Que vaut encore l’asile politique en Afrique?
Il y a une dizaine de jours, le Togo extradait, vers le Burkina, Paul Henri Sandaogo Damiba, ancien président qui avait trouvé asile politique à Lomé. Extradition ou livraison ?
Damiba au Togo, n’a jamais rassuré Ibrahim Traoré. Ainsi, son nom va se retrouver, cité dans les projets incessants et intempestifs de coup d’État par une junte atrabilaire qui a vite fait de l’extradition de Damiba, son assurance survie. La Cédéao, devenue entretemps indigente avec la création de l’AES a perdu de son influence dans les affaires de la région. Or, Damiba avait trouvé l’asile au Togo, en parti, grâce à ses bons offices, quand la médiation des sages Burkinabè, entre autre, le cardinal Philippe Ouédraogo et le Moro Naaba, chef suprême des mossis de Ouagadougou l’avait convaincu de démissionner.
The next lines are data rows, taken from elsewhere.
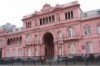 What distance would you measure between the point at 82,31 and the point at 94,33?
3240mm

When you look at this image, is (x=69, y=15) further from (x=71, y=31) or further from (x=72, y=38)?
(x=72, y=38)

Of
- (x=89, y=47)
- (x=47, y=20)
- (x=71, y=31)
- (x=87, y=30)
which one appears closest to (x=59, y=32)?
(x=71, y=31)

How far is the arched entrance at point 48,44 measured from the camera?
5503 centimetres

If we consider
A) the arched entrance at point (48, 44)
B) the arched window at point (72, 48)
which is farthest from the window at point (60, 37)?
the arched entrance at point (48, 44)

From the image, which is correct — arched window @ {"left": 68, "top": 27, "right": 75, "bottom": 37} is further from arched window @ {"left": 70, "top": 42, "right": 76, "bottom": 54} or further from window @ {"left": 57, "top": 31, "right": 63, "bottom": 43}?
window @ {"left": 57, "top": 31, "right": 63, "bottom": 43}

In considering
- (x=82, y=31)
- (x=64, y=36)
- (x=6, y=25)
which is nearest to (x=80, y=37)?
(x=82, y=31)

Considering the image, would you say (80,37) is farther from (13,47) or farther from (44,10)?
(13,47)

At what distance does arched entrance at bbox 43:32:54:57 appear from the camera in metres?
55.0

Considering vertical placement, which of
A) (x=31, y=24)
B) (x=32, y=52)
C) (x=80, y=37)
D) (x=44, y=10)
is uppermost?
(x=44, y=10)

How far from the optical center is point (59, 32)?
51406 millimetres

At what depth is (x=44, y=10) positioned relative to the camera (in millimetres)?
55562

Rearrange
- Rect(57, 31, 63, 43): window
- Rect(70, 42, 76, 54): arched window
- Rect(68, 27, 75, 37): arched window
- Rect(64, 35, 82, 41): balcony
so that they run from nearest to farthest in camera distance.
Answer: Rect(64, 35, 82, 41): balcony < Rect(70, 42, 76, 54): arched window < Rect(68, 27, 75, 37): arched window < Rect(57, 31, 63, 43): window

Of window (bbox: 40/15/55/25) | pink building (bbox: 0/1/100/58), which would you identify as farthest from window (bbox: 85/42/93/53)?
window (bbox: 40/15/55/25)

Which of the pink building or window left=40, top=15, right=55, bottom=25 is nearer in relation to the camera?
the pink building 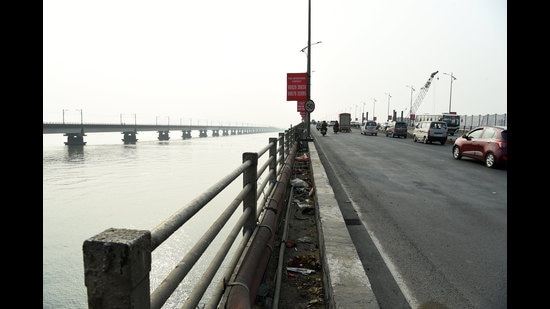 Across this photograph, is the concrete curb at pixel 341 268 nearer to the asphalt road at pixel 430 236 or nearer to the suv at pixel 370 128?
the asphalt road at pixel 430 236

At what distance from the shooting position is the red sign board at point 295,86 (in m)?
24.7

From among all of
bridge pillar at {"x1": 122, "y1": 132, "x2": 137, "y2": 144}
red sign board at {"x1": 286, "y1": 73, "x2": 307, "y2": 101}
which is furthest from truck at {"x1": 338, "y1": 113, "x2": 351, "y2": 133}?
bridge pillar at {"x1": 122, "y1": 132, "x2": 137, "y2": 144}

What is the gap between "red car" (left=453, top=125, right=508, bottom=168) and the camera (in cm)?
1273

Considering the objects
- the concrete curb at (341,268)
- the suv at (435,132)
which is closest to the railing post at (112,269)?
the concrete curb at (341,268)

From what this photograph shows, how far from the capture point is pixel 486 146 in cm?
1356

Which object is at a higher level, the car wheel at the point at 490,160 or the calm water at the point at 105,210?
the car wheel at the point at 490,160

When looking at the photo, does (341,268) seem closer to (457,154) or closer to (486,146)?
(486,146)

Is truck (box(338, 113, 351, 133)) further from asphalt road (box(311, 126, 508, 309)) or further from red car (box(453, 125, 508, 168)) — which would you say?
asphalt road (box(311, 126, 508, 309))

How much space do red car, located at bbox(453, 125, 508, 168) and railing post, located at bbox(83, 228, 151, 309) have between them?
1381cm

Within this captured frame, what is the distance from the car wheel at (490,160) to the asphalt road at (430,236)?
7.38 feet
Une démission à sept conditions que les sages échouerons à faire respecter par son tombeur qui s’y était engagé. Damiba en gardera une amertume qu’il exprimera, à chaque fois que ses hôtes le lui ont permis, à l’occasion de rares interviews à la presse internationale. Avec l’AES et la posture sous régionale équivoque de Faure Gnassingbé, Damiba aurait demandé, sans succès, à quitter le Togo.
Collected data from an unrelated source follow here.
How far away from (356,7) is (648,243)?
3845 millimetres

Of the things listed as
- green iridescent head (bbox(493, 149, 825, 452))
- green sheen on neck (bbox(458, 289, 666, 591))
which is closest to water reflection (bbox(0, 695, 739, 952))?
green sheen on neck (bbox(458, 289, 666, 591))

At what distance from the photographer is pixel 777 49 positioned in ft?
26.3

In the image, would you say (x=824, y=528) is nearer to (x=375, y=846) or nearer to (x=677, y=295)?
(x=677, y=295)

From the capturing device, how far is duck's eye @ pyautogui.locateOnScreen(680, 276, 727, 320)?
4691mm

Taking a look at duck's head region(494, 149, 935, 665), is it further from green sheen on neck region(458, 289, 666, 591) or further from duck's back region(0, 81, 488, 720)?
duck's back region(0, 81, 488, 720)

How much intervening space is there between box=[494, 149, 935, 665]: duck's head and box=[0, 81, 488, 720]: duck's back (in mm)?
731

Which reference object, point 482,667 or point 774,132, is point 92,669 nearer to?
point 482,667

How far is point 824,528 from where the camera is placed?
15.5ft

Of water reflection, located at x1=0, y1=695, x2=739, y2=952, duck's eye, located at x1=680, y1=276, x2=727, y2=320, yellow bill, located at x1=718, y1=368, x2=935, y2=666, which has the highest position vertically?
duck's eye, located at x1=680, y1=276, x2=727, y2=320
Dès lors, il était plus otage qu’un exilé politique. C’est cet otage qui a été livré, à ses pires ennemis, le 17 janvier 2026. S’il s’était s’agi d’une extradition, elle n’aurait pas pu être aussi supersonique. À moins d’être téléphonée, une décision de justice ne peut se conclure par un décret, le même jour et être exécuté le lendemain, un jour non ouvré, de surcroit. C’est inédit dans les annales de l’asile politique en Afrique. Le précédent, Charles Taylor, du Liberia, en 2006, par le Nigeria, était survenu, après de longs palabres « à l’africaine » alors qu’il était poursuivi, pour crime contre l’humanité. Dans le cas présent, le Togo a réglé, le sort de Damiba en 48 heures chrono. Une coordination, inhabituellement millimétrée, entre le judiciaire et l’exécutif.
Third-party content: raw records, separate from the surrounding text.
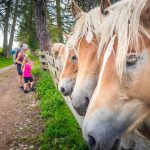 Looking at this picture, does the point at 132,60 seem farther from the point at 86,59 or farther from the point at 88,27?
the point at 88,27

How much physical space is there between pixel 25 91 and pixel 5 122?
4036mm

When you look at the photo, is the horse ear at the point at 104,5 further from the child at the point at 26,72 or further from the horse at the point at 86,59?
the child at the point at 26,72

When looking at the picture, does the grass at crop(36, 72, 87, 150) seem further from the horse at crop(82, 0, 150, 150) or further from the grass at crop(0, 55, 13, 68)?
the grass at crop(0, 55, 13, 68)

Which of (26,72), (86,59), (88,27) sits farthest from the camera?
(26,72)

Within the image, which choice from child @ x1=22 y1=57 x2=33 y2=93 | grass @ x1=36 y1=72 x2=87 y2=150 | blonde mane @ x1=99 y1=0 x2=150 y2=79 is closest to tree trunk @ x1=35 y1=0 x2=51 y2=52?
child @ x1=22 y1=57 x2=33 y2=93

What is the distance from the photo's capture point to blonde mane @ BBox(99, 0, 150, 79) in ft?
7.64

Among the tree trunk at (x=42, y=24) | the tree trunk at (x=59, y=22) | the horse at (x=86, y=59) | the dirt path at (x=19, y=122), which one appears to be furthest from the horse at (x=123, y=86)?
the tree trunk at (x=59, y=22)

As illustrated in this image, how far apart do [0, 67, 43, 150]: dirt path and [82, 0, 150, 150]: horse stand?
3.36 meters

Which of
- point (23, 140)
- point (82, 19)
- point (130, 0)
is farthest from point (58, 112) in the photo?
point (130, 0)

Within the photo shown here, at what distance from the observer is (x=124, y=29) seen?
242 cm

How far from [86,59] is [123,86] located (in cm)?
124

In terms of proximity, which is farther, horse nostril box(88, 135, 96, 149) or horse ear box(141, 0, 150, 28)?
horse ear box(141, 0, 150, 28)

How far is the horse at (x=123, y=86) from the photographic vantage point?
2211 millimetres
Il vaut mieux éviter Lomé, si l’on postule pour une asile politique en Afrique
C’est le moins qu’on puisse dire. Avant Damiba, il y a eu, Lida Kouassi Moïse, en juin 2012, ex-ministre ivoirien de la Défense. Lomé l’avait extradé, avec une diligence « pro-max ». Arrêté et extradé le même jour, avec un épais dossier à charge, à la grande satisfaction – surprise, du ministre ivoirien de l’Intérieur de l’époque, Hamed Bakayoko qui n’en attendait pas tant. Lomé est très risquée pour les demandeurs d’asile, peu importe votre statut et qui vous parraine.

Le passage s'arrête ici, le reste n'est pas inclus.